Timeout, client not responding.
debug1: do_cleanup
debug1: do_cleanup
debug1: PAM: cleanup
debug1: PAM: closing session
debug1: PAM: deleting credentials


The one obvious difference is the fact that you're using libssh2_channel_direct_tcpip() whereas this toy client uses libssh2_session_init().

I'll attach the source so you can take a look yourself.  Basically it's the client from their Github modified to be stand alone and changes the port to connect to to be 2222.  https://github.com/libssh2/libssh2/blob/master/example/ssh2.c

With key auth I run it as:

./ssh 127.0.0.1 csamuel foo -k

(it doesn't use the "foo" password field in this case).

All the best,
Chris
Comment 7 Christopher Samuel 2018-07-01 23:49:02 MDT
Created attachment 7202 [details]
Toy ssh client (connects and shows the banner, thats it)
Comment 8 Tim Wickberg 2019-01-14 13:54:49 MST
Chris - 

I'm closing this out as resolved/wontfix.

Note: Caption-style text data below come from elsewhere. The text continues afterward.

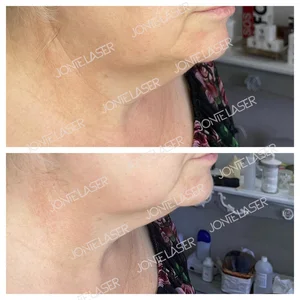 HIFU Ultrasonic Smas Lifting Machine Anti-Aging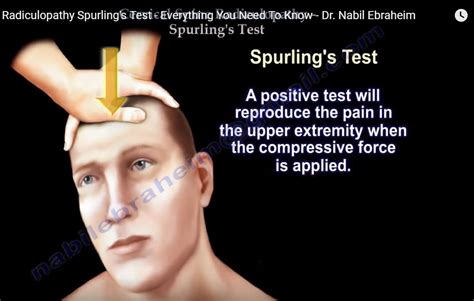 Cervical Spine Radiculopathy And Spurling Test —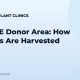 The FUE Donor Area: How Follicles Are Harvested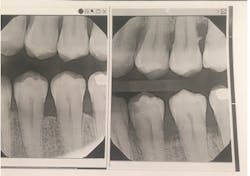 This patient showed significant improvement (left) from his original condition (right) after use of the Swedish Wonder and SRP. This patient showed significant improvement (left) from his original condition (right) after use of the Swedish Wonder and SRP.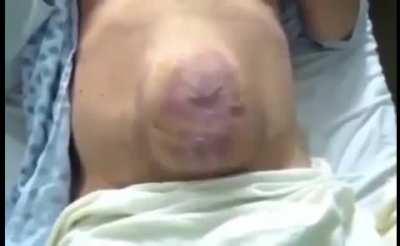 A giant abdominal hernia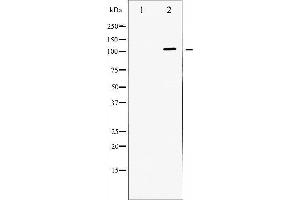Western Blotting (WB) image for anti-Dynein, Axonemal, Heavy Chain 8 (DNAH8) antibody (ABIN1845418) (ATPase anticorps)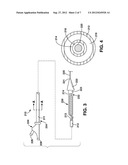 SPIRAL PERFUSION DILATATION BALLOON FOR USE IN VALVULOPLASTY PROCEDURE diagram and image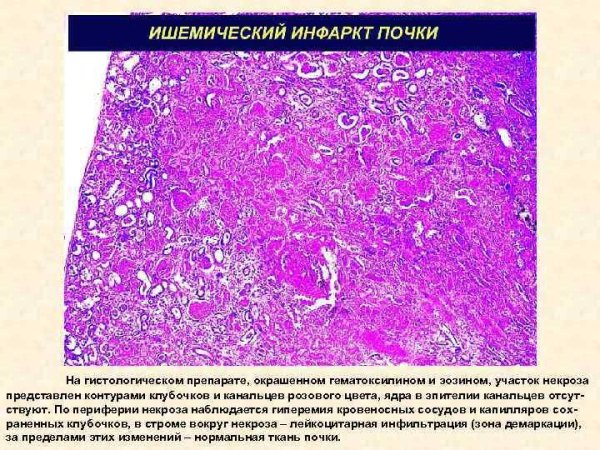 Инфаркт легкого патанатомия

I am completely overhauling the X11 forwarding code in 19.05, and it will no longer use SSH in any fashion, thus making this issue moot.

- Tim
Comment 9 Christopher Samuel 2019-01-14 21:50:25 MST
On 14/1/19 12:54 pm, bugs@schedmd.com wrote:

> I am completely overhauling the X11 forwarding code in 19.05, and it will no
> longer use SSH in any fashion, thus making this issue moot.

Yay!  Sounds good - thanks for the update Tim!